▶ [Task] In the material below, find the line with "Naked cake with love topper" and the line with "President Franklin Roosevelt", then output both and every line between them exactly, omitting pictures.

▶ [Data listing]
━━━━
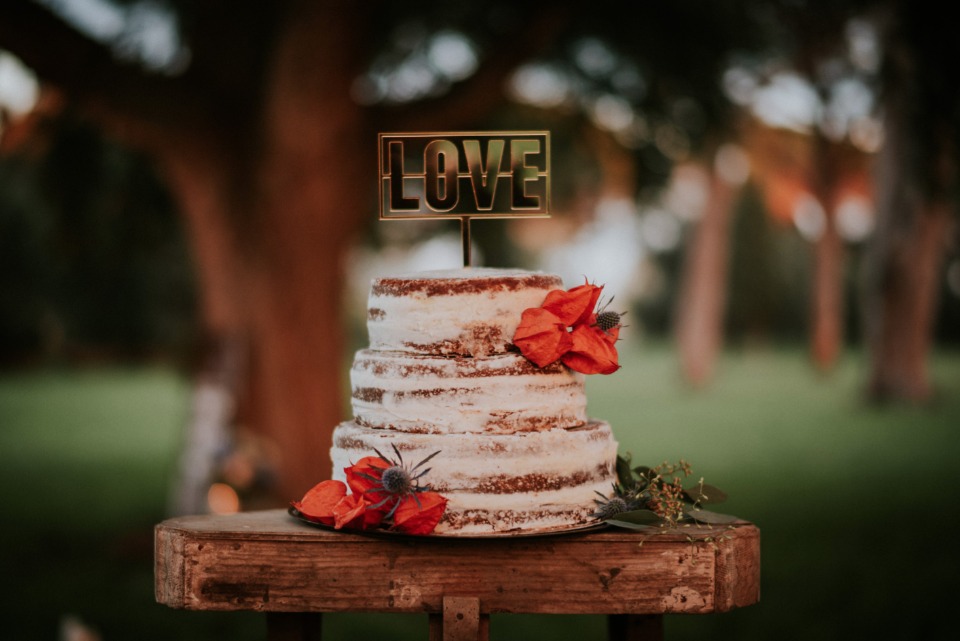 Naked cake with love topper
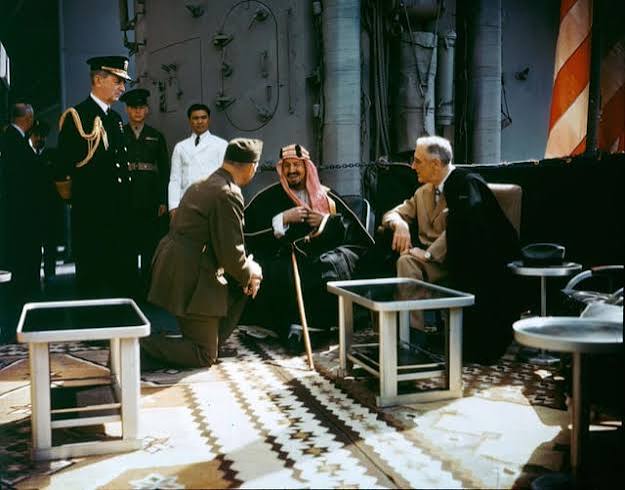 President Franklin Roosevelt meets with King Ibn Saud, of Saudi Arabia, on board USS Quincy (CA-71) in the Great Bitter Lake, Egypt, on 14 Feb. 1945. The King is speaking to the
━━━━
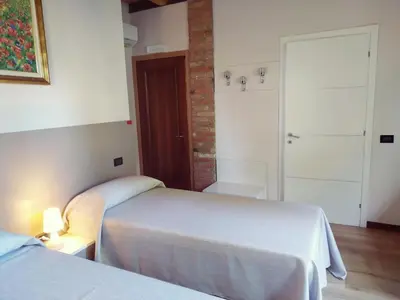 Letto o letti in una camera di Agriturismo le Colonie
━━━━
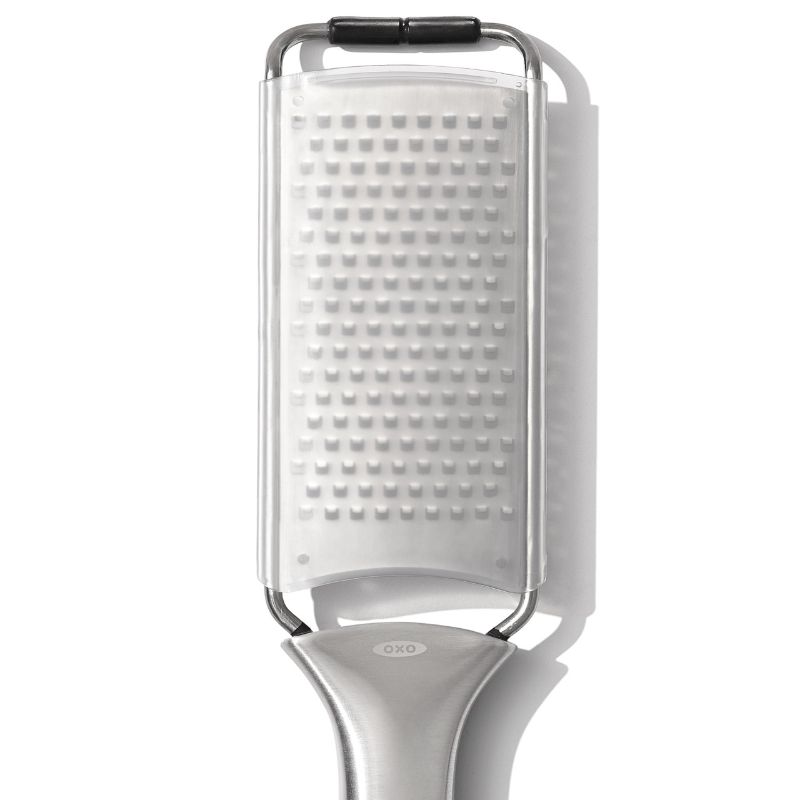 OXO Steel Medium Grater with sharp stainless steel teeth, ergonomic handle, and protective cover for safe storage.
━━━━
▶ [Response area]
 Naked cake with love topper
 President Franklin Roosevelt meets with King Ibn Saud, of Saudi Arabia, on board USS Quincy (CA-71) in the Great Bitter Lake, Egypt, on 14 Feb. 1945. The King is speaking to the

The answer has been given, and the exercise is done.